Тщательный анализ мог бы проследить обрывки всех этих влияний и в обычае хиппи отказываться от старых имен, заменяя их особыми психоделическими кличками: Фродо, Шоколадный Джордж, Варвар, Койот. Один хиппи так объяснял, почему он поменял свое имя: «Тот Плюшевый Мишка, которого ты видишь, это только фасад. Другое мое «я» зовут Гарольд. И сейчас внутри меня существует этот Гарольд. Он совсем крошечный, но он еще здесь. Когда ты поселяешься в Хэйте, ты выбираешь себе имя и строишь свою личность так, чтобы ему соответствовать. Я выстроил Плюшевого Мишку, но сейчас я расстаюсь с ним — слава Богу! — и скоро он исчезнет. Ты приходишь сюда, чтобы измениться, и окончательное, самое важное изменение наступает тогда, когда «ты» воображаемый и «ты» реальный сливаетесь воедино».
Если бы активистам из Беркли по какой-то причине пришлось выбирать один-единственный символ своей борьбы, они, скорее всего, остановились бы на изображении сжатого кулака — этом общепонятном символе гневного сопротивления.
А вот хиппи мечтали воздвигнуть на окраине Хэйта статую святого Франциска, чтобы эта огромная фигура, вырезанная из гигантской секвойи, с распростертыми руками встречала бы пилигримов, вступающих в столицу Новой Эры.

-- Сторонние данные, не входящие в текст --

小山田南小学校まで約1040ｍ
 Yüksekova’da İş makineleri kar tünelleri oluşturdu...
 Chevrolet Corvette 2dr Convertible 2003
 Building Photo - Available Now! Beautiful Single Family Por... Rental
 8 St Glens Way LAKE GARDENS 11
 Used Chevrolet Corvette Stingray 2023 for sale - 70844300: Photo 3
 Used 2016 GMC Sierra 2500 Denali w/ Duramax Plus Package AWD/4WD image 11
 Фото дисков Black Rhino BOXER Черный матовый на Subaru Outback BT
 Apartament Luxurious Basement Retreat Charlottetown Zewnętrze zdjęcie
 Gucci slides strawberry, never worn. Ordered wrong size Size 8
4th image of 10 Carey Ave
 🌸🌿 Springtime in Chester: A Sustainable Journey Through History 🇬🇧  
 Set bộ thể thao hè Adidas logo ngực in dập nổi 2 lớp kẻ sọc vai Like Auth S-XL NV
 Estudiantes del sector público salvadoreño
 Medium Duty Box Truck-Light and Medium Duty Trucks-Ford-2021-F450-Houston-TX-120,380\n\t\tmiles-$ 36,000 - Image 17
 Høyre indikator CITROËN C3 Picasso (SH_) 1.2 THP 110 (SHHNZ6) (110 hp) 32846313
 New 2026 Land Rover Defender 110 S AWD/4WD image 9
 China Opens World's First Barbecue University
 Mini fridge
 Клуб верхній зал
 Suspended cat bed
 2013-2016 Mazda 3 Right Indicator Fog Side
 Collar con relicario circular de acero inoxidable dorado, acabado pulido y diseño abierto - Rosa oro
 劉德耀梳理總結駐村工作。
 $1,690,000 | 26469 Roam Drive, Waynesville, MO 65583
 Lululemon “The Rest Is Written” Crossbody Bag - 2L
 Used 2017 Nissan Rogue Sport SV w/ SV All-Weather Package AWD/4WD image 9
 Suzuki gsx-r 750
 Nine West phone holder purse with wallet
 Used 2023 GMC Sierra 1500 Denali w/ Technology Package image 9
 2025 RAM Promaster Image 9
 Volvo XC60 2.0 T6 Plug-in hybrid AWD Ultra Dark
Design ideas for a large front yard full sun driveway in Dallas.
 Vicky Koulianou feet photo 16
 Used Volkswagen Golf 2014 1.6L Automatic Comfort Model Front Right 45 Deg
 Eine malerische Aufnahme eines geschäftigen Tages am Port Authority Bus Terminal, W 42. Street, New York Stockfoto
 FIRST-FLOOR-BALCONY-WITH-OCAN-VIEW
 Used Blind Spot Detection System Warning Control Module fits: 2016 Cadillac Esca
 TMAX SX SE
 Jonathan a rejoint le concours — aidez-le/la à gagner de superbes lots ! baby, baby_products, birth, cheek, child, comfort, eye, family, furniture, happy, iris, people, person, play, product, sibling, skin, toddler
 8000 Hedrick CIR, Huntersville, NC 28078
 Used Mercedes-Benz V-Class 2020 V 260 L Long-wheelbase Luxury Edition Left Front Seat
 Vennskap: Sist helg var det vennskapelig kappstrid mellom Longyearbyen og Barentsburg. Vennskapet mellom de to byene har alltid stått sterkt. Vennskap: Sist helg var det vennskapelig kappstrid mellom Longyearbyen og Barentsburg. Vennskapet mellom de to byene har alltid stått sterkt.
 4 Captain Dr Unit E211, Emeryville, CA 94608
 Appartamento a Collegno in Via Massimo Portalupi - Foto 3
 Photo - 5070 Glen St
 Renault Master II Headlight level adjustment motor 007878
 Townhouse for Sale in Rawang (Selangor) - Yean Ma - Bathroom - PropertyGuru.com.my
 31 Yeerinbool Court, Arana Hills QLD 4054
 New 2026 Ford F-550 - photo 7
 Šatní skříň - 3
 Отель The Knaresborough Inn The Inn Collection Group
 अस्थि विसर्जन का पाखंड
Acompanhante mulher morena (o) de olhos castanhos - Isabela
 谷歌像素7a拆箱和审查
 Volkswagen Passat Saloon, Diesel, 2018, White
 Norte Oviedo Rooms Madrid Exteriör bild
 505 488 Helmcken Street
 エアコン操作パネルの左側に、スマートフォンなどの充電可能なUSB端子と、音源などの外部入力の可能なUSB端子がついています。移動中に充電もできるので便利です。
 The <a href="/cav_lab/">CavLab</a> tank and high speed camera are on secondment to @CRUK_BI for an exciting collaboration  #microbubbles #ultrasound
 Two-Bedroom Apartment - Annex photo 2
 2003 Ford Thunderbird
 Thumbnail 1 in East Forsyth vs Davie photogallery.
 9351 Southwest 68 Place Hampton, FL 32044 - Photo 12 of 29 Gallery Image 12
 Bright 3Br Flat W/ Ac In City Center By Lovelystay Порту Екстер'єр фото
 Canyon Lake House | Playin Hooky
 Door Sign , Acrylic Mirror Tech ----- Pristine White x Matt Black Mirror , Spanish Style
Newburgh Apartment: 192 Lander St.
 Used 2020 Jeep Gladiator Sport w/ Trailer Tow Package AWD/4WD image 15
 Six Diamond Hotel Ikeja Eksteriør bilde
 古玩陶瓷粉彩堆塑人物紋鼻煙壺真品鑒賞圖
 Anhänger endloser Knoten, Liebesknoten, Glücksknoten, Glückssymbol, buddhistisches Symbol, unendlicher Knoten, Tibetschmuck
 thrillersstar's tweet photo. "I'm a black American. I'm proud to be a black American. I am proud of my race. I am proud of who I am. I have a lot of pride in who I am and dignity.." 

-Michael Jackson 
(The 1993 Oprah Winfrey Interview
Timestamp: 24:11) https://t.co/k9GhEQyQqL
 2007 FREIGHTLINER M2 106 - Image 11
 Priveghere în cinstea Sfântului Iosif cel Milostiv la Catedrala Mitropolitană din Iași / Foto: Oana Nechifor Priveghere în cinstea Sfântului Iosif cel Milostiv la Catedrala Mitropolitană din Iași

Эта мечта отдавала чем-то средневековым — и действительно, паломничество в Хэйт-Эшбери тем Летом Любви чем-то походило на паломничество в средневековый Париж XII века. Такая же ошеломляющая экзотика и пестрая суматоха. «Всего одна длинная улица, Хэйт-стрит, битком набита «фриками», одетыми в самые немыслимые костюмы… одни пострижены под могавков, другие прогуливаются в адмиральской форме». И за всем этим тот же самый всепоглощающий интерес к мистике. «В Хэйте, по крайней мере, полторы тысячи святых, — утверждал один хиппи. — Святых, блаженных, то есть, я хочу сказать — всяких, разного возраста и пола. Кому-то из них 70 лет, кому-то 15, а кого-то катают в колясочках». На местном жаргоне эти святые назывались «основными».